Top IT Service Management challenges…

  1. IT cost transparency. Something has still got to give in terms of what IT costs — IT is and will continue to be a sizable expense to the business. The IT organization is spending the business’ money, and so the business wants to know whether it is being spent wisely (and who can blame them). How many IT shops know if they are investing the business’ money wisely outside of projects?
  2. Value demonstration. Is IT still just a cost center or has your IT organization been able to translate IT investment into demonstrable business success? I still rather somewhat cheekily say that “if we could demonstrate the business value derived from IT, surely we would be being asked to spend more rather than having to respond to corporately mandated, quick fix, end-of-year budget cuts.”
  3. Agility. The speed of business change continues to dictate a rapid response from IT that many struggle with — as a simple example, yesterday my nephew told me of his five-week wait for a laptop at the bank he recently joined.

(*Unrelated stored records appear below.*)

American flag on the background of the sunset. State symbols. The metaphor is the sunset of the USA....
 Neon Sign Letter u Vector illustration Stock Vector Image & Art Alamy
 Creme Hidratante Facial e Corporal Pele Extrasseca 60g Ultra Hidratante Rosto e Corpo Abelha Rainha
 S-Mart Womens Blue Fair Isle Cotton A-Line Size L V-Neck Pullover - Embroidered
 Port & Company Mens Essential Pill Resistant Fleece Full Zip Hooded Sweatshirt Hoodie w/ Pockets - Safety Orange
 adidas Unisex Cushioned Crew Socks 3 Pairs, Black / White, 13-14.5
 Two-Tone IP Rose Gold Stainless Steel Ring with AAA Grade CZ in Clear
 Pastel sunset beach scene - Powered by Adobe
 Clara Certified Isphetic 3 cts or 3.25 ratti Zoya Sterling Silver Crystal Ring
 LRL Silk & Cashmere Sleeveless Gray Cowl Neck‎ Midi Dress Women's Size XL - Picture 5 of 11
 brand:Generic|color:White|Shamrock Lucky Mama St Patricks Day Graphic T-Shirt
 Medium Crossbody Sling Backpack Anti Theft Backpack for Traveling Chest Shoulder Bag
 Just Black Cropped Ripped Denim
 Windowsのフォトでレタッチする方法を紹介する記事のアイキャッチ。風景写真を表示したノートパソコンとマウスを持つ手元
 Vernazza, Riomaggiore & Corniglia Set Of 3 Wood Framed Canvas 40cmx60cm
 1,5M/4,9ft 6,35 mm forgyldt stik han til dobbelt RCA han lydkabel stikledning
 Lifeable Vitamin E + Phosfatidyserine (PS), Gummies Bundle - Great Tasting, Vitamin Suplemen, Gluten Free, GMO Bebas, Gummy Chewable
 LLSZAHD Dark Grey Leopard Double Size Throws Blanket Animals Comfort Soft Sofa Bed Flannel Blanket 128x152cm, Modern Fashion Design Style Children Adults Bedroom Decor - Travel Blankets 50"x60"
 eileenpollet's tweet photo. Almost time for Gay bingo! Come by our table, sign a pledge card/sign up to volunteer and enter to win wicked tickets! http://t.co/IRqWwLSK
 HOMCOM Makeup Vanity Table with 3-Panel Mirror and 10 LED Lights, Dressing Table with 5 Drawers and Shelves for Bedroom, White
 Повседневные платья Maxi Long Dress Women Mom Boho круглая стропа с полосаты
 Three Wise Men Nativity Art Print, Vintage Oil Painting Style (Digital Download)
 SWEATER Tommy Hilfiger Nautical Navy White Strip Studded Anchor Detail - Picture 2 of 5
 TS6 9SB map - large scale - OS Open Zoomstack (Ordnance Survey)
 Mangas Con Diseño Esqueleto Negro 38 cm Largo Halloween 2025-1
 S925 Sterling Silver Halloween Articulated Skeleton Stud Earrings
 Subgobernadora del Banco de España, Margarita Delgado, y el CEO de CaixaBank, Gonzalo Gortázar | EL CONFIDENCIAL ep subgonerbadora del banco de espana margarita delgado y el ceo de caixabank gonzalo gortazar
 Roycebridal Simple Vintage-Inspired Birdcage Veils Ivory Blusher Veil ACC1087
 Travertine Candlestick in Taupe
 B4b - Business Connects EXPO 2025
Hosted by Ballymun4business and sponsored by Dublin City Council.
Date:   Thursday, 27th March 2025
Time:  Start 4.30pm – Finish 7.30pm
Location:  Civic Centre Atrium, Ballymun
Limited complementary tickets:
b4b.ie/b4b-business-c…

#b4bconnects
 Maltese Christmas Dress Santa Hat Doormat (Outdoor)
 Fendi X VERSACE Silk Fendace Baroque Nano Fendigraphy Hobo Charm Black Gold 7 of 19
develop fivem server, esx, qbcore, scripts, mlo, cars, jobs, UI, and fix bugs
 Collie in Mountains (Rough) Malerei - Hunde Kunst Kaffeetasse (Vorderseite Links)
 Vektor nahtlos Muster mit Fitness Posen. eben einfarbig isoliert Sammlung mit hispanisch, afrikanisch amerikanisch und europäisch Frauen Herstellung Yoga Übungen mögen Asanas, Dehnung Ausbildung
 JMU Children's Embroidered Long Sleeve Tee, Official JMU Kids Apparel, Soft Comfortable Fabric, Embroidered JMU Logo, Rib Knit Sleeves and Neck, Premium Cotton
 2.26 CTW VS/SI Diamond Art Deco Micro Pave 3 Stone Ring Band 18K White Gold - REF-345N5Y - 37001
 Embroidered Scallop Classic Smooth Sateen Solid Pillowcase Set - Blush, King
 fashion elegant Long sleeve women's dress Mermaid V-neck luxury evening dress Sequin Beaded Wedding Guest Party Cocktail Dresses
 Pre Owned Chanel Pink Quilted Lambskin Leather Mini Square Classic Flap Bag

Not only is it speed and flexibility, it is also “agility of mind.” A change in I&O mindset that asks “why not?” rather than “why?”
  4. Availability. Nothing new here (again). The business needs high quality, highly available IT (or business) services. The difference is in business expectations and available alternatives. For a number of reasons, the business continues to be less forgiving of IT failure and, again, who can blame them.
  5. “Personal hardware.”  End user devices will continue to be a big challenge for IT in 2013. Whether it is the fact that our “internal customers” are unhappy with their “outdated” corporate laptops or the fact that they can’t have corporate iPads or the whole “can of worms” that is BYOD (bring your own device), personal productivity hardware will again be a battleground of business discontent in 2013.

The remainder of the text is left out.